現在米ツアーで進行中のフェデックスカップ1位のボーナスはなんと1000万ドル(約11億6000万円・1ドル116円換算)。韓国のチェ・キョンジュ(K・J・チョイ)は、試合前にもしこれを獲得できれば、そっくりそのまま、チャリティに寄付すると公言したが、しかしこの公約、彼が勝っても果たせそうもない。
実は、PGAツアーの政策理事会(ポリシーボード)が、このボーナスを”年金”として支払うことを決めたのだ。
そのため、チェがフェデックスカップで優勝しても、このお金を手にするのは、リタイアした後の話で、慈善団体に寄付したくても出来ないというわけ。
フェデックスカップは、今年から始まった米ツアーのプレーオフで、先週のザ・バークレイズからツアーチャンピオンシップまでの4試合で、ポイントを争うもの。
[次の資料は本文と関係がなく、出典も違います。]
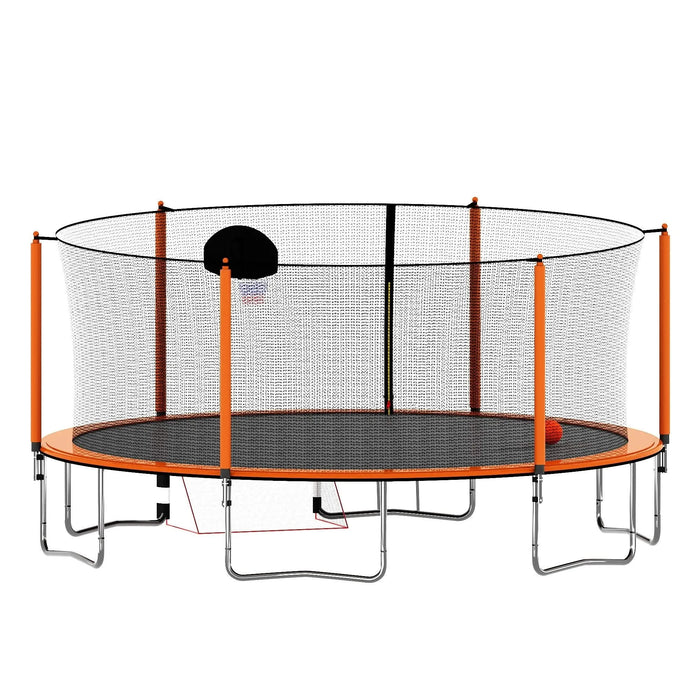 Orange 16FT Trampoline with Basketball Hoop and Soccer Goal, Inner Safety Enclosure, Steel Frame Default -DTYStore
このポイントシステムで、トップとなったプレーヤーには、前述のボーナスが支払われることになっていたのだが、チェのようにいまだに、多くのプレーヤーが、現金でもらえるものと思っているふしがあるのだ。
これが年金だということを知ったプレーヤーの中には、不満を漏らす選手が少なからず出てきている。
先週の第1試合を欠場したタイガー・ウッズは、猛暑の中での全米プロ優勝で、「フェデックスカップは、全面的に応援しているが、とにかく疲れきっており、休みが必要」と語ったが、その一方、「年金を受け取る年齢(年金受給資格は45歳から)になり、それが使える頃には、私は死んでいるかもしれない」とも語っている。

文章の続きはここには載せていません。